After adjusting for age, gender, ethnicity, donor type, lymphodepleting agent induction and DGF patients with cTMA had a significant increase in the hazard risk of allograft failure in the first-year post-transplant, aHR: 6.37 (95% CI: 2.17 to18.68, P = 0.001). However, the aHR decreased by 0.87 (95% CI: 0.76 to 0.99, P = 0.033) per year elapsed since transplantation, Table 3. By the end of the study’s time, there were no statistical differences in the allograft survival between the two groups, Fig. 2. Among the 132 patients who contributed to the survival analyses, 97 (87%) in the dnTMA and 13 (65%) in the cTMA receive a TMA diagnosis in the post-transplant biopsy report (P = 0.044).

Fig. 2 — Time-varying adjusted hazard ratio (HR) of transplant failure (death or end-stage kidney disease, ESKD) of patients with cTMA compared to dnTMA. The hazard ratio is highest shortly after transplantation, and then decreases with time. The model is adjusted for age, gender, ethnicity, donor type, induction with lymphodepleting agents, DGF, eculizumab use (any time), and biopsy diagnosis (time-varying cumulative sum). The line represents the hazard ratio estimates, the blue shaded area represents the 95 percent confidence interval; cTMA, complement-mediated thrombotic microangiopathy

HR associated with dnTMA as time-varying variable biopsy diagnosis showed a relative 87% increase in rate of transplant failure which was, however, only of borderline statistical significance (aHR: 1.87 [95%CI: 0.83 to 4.23; P = 0.134). On the contrary, cTMA was associated with a striking increase in early transplant failure. The increase in the rate of early transplant failure associated with cTMA did not depend on whether or not there was a biopsy diagnosis of TMA recurrence in cTMA patients. In fact, the HR associated with biopsy-proven recurrence in the cTMA did not differ between cTMA that had biopsy-proven recurrence and those who did not have biopsy-proven recurrence: HR in cTMA with no biopsy-proven recurrence: 8.18 [95%CI: 1.69 to 39.66; P = 0.009]; HR in cTMA with biopsy-proven recurrence: 5.56 [95%CI: 1.77 to 17.52; P = 0.003]; difference between the two HRs (test for interaction): P = 0.629. The reason why biopsy-proven recurrence did not apparently affect the transplant failure rate within the cTMA group is likely related to the fact that, within the cTMA group, there were recurrences that occurred shortly post-transplantation and that we did not record as such because they were non documented by a biopsy.

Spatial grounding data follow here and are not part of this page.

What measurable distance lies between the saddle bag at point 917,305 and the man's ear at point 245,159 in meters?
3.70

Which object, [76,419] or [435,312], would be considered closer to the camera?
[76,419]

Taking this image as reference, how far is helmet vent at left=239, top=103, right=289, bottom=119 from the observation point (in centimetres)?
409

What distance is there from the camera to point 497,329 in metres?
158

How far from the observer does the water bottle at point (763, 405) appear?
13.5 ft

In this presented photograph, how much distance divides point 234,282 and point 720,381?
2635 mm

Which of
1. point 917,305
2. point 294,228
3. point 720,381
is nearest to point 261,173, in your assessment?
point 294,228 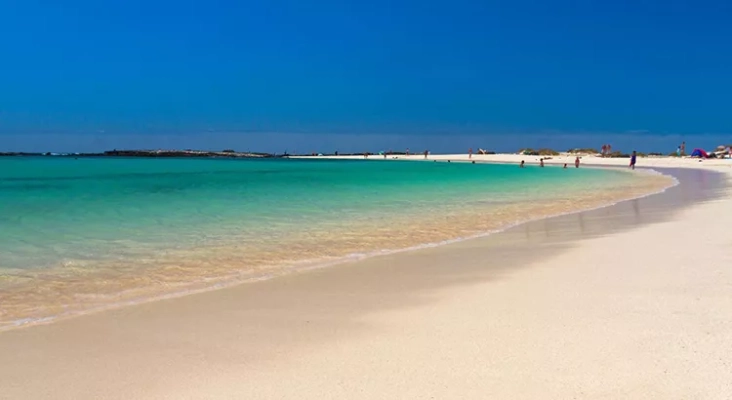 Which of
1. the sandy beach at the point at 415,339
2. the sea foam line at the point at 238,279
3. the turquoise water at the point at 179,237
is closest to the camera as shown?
the sandy beach at the point at 415,339

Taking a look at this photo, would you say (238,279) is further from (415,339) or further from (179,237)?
(179,237)

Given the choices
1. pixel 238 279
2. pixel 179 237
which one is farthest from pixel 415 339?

In the most recent follow-up, allograft function as measured by mean (SD) eGFR (23.5 ± 22.1 vs 42.2 ± 27.3 ml/min/m², p = 0.003), was significantly worse in the dnTMA group comparing with cTMA group. The difference in serum creatinine (SCr) at the time of diagnosis between the dnTMA and cTMA groups does not appear to be directly related to the time elapsed between the timing of biopsies for each group. The study provided data on the serum creatinine levels at the time of diagnostic biopsy, showing a significant difference between the two groups (median SCr of 3.6 mg/dL in dnTMA vs. 2.0 mg/dL in cTMA, p = 0.043). However, the time from the first to the last biopsy, which might reflect the timing of biopsy, was not significantly different between the two groups (median time of 18.8 months for dnTMA vs. 45.2 months for cTMA, p = 0.197). While not statistically significant, this may have influenced the results given larger sample size and more power.

Therefore, while there is a noted difference in serum creatinine at diagnosis, this difference does not seem to be explained by the timing of the biopsies. Instead, it could be related to other factors, such as underlying pathology or clinical management differences between the two groups.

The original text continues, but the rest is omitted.